Tuesday, June 26, 2007

C. D. Wright : from One Big Self

(pub. Copper Canyon)

Prepare to exit the forest of men and women

Louisiana bumper sticker: JESUS DON'T LEAVE EARTH WITHOUT US

It's a great day to die, a great day to leave the body, he told the press before his Easter execution

When I go, I want my lips Smyth-sewn, none of that perfect-bound crap it doesn't last

And burn me up I don't want any more real estate

No one promised you the light or the morrow

Mother Helen predicts you will be doing better moneywise between March and May

In your past life you had something to do with animals
She sees you in a hosptial with animals way back in the 1800s

After all, you are not Gramsci, she said

Qui facit per alium facit per se

Sounds dirty doesn't it

I wanted to offer you the bread of charity,

Mercy, etc.

When she said she would write the book
he said what direction

Take this down, then burn it

My faulty exchatology pardon my french

The lovebugs hitting the windshield like something electric

Jack and Jill the pastor at St. Gabriel calls them

Wonderful news Sissy had seven little catahoulas
Mr. Redwine in ecstasy

@

With lasting gratitude to Deborah Luster and to Jack Woody, and to the men and women of East Carroll Parish Prison Farm, Transylvania; Louisiana Correctional Institute for Women, St. Gabriel; and Louisiana State Penitentiary, Angola.

"In a capitalist country," as Frank O'Hara once remarked, "fun is everything. Fun is the only justification for the acquisitive impulse, if one is to be honest." -- Steven Evans, The Resistible Rise of Fence Enterprises

I've quoted these lines from Steve before, and I keep coming back to them because they hit at the heart of a lot of my own reading of contemporary poetry, done, mainly, in the spirit of "fun". Most poetry, read right, is indeed loads of "fun"; I think it's important to decide in those cases whether one is equivocating on the notion as it appears in O'Hara's quote. Even in a book like this connection of everyone with lungs, fun -- or "joy", or "pleasure" -- is lurking like a depth charge.

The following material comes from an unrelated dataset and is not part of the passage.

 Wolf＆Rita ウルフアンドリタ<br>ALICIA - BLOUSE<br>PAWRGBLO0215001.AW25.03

C.D.'s new book you might consider a corrective; a book about something so defiantly unpleasant -- prisoners doing hard time in Louisiana -- that the question of fun never arises. The pleasure -- and here's there's no question of accidentally conflating it with fun -- comes with an edge of deep discomfort.

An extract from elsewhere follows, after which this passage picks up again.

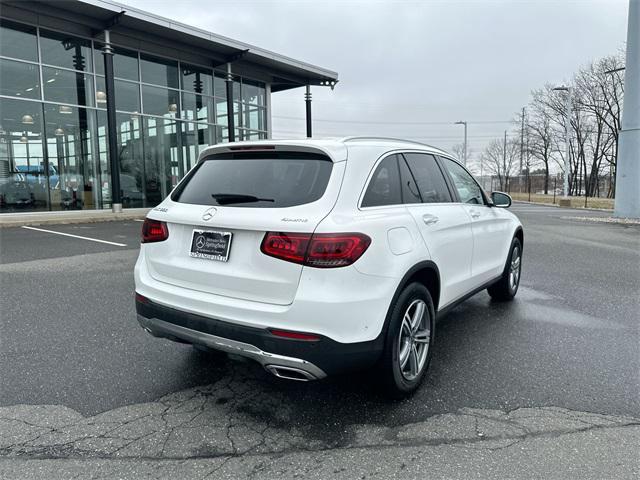 used 2021 Mercedes-Benz GLC 300 car, priced at $25,935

aestheticisation looms when talking about a poem made from this "material", if only because of the hack writers who, lacking the ability to write something taken seriously, hide behind a weighty subject. It's difficult to excerpt C.D. because there is a narrative, a desire to tell stories ("I wanted the banter, the idiom, the soft-spoken cadence of Louisiana speech" she writes in the introduction) that falls flat when an excerpt is read (as it always is) in the lyric mode.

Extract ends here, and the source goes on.